Pet Wellness Guides > Dog Breeds Prone To Dementia - Pet Insurance Review

Dog Breeds Prone To Dementia

Posted: 03/05/2024 | BY: Jenna Bruce | Categories: Behavior , Dog , Top Tips

Our beloved canine companions bring so much joy and love into our lives. But as our pups age, they may face challenges just like us humans. One such challenge is canine cognitive dysfunction, sometimes referred to as dog dementia. While it can be concerning, understanding this condition can help us navigate this journey with love, patience, and support, ensuring our senior dogs continue to feel safe, secure, and cherished members of the family. Let’s dive in deeper and take a look at the dog breeds prone to dementia.

What Does Dog Dementia Look Like?

Just as with humans, cognitive function and memory decline with age in our pups. And the signs look strikingly similar as well.

Loss of Spatial Awareness

You might find your fur baby having more trouble navigating the house or seemingly getting lost on their daily walk; a route you’ve taken many times before.

Less Social Interaction

As our pups’ cognitive faculties decline, they become less social with humans and other dogs. They can often become fearful of strange dogs where once they were friendly, confident and outgoing.

Sleep Patterns

Pups with dementia tend to have trouble sleeping through the night. They may get up and roam the house, pace, and drink a lot of water. 

Here are a few more signs of dog dementia:

  • Accidents in the house
  • Confusion with commands, tricks, or name
  • Unusual barking
  • Decreased appetite
  • Lack of interest in playing and greeting people
  • Anxiety
  • Shorter temper and uncommon signs of aggression
  • Repetitive behaviors
  • Staring at walls

In humans, the most severe form of these deficits show up as Alzheimer’s disease. The canine equivalent is called Canine Cognitive Dysfunction or CCD. 
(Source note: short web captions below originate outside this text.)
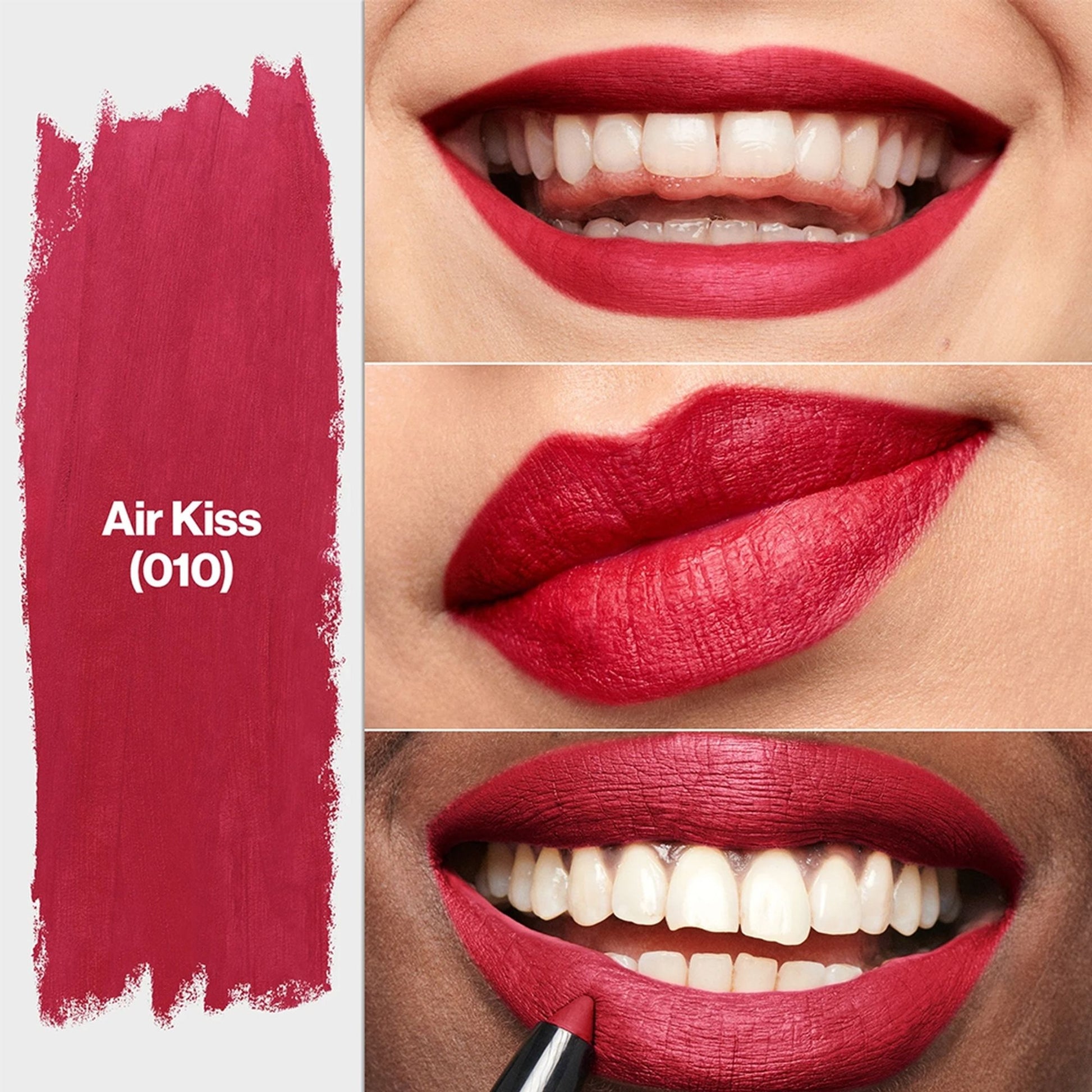 Revlon Colorstay Matte Lite Crayon - Air Kiss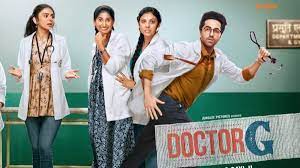 Ayushmann Khurrana’s “funny” movie, Doctor G, receives positive feedback from online users on Twitter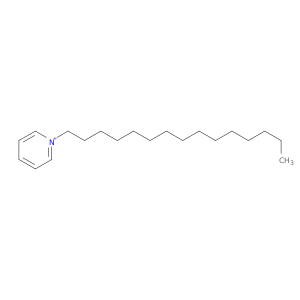 Pyridinium, 1-pentadecyl-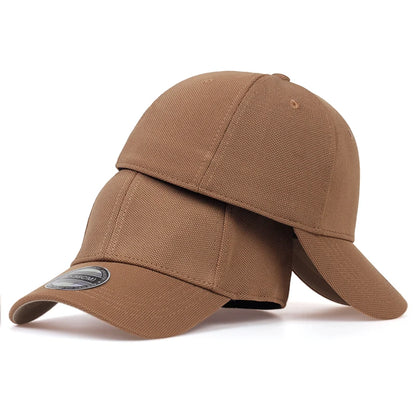 Baseball-lippis Miesten snapback-lippikset Miesten istuvat lippikset Suljetut täyslippikset Naisten gorrat Bone Miesten trucker-lippis Casquette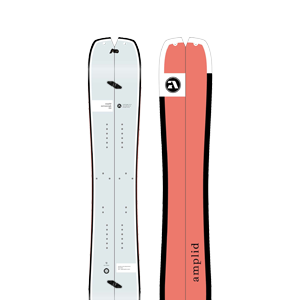 Toutes les splitboards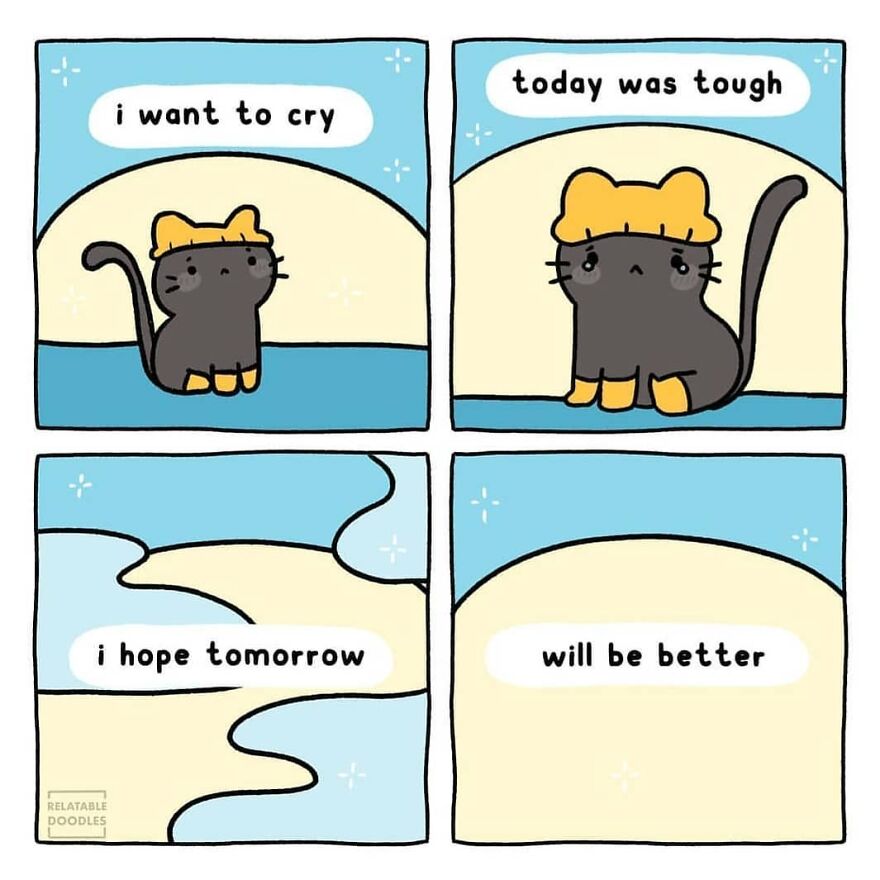 I Draw Comics That People Relate To (Part 4)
The similarities between Alzheimer’s and CCD on the neurological levels are quite apparent and striking. Both show changes in the brain and the formation of tangled clumps of neural tissue known as beta-amyloid plaques.

Dog Breeds with the Highest Risk of Dementia

While there have been a number of studies that looked at CCD, most have been very limited in size and scope. This has made it impossible to come to any broad conclusions, such as which breed of dogs are the most likely to develop this devastating disease.
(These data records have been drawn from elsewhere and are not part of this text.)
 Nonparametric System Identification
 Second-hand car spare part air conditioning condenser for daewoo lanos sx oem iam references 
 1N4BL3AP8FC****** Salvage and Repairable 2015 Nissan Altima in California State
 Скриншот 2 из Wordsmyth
But a relatively new study out of the University of Washington has shed some light on those dog breeds most susceptible to the cognitive decline associated with CCD. The study was huge, comprising over 15,000 dogs.

The study found there are those dogs who have a higher risk of developing dementia. While all senior dogs, in theory, are at risk, those with a poor health history are very susceptible. This is particularly true for dogs with neurological eye or ear disorders. Interestingly, similar findings have been found in human studies, where individuals with diminished sight and hearing are more likely to be diagnosed with Alzheimer’s disease.

Breed Matters

The study also found that certain breeds do seem more predisposed to developing CCD than others. Using the American Kennel Club group designations, those pups classified as toys, terriers, or a part of the non-sporting group were more than 3x as likely to be diagnosed with CCD compared to other breed groups.

What Can You Do?

While you can’t change your fur baby’s breed, or its susceptibility to neurological disease, the study does offer a ray of hope. Among pups of the same age, health status, and breed type, the odds of developing CCD were a whopping 6x higher in dogs that were not active!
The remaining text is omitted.